WORK REQUIRED: Copy out exactly the lines below that run from the one holding "PA license plate JSX7957" to the one holding "Lit adulte ferrero", keeping both of those lines and no others.

PROVIDED DATA:
——
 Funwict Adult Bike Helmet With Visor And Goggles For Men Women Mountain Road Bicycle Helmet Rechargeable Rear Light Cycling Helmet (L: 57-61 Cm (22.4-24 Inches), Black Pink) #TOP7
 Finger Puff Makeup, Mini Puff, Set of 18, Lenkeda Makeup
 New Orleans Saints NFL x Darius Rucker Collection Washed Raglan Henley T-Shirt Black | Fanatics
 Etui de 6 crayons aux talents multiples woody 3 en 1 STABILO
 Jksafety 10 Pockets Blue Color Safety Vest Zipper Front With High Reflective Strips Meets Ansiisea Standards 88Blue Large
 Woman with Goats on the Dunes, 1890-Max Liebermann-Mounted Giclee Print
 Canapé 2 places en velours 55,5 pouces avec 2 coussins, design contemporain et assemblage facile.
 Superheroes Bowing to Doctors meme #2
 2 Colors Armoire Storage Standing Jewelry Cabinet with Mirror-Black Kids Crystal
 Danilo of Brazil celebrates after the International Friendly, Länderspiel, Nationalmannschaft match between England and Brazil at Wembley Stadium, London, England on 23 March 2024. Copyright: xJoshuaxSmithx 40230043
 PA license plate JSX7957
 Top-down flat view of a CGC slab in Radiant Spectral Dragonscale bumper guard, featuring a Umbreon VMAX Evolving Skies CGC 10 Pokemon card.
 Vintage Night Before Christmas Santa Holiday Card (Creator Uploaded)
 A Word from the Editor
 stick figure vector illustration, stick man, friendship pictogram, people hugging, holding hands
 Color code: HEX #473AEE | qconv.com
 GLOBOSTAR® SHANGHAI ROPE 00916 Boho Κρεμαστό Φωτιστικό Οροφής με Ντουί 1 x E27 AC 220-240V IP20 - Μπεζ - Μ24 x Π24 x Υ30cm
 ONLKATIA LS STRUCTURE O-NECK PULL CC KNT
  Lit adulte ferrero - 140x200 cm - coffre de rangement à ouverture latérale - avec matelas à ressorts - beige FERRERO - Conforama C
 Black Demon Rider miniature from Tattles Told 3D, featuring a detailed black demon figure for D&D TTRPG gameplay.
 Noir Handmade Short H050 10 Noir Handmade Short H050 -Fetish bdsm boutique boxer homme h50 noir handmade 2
——
ANSWER SPACE:
 PA license plate JSX7957
 Top-down flat view of a CGC slab in Radiant Spectral Dragonscale bumper guard, featuring a Umbreon VMAX Evolving Skies CGC 10 Pokemon card.
 Vintage Night Before Christmas Santa Holiday Card (Creator Uploaded)
 A Word from the Editor
 stick figure vector illustration, stick man, friendship pictogram, people hugging, holding hands
 Color code: HEX #473AEE | qconv.com
 GLOBOSTAR® SHANGHAI ROPE 00916 Boho Κρεμαστό Φωτιστικό Οροφής με Ντουί 1 x E27 AC 220-240V IP20 - Μπεζ - Μ24 x Π24 x Υ30cm
 ONLKATIA LS STRUCTURE O-NECK PULL CC KNT
  Lit adulte ferrero - 140x200 cm - coffre de rangement à ouverture latérale - avec matelas à ressorts - beige FERRERO - Conforama C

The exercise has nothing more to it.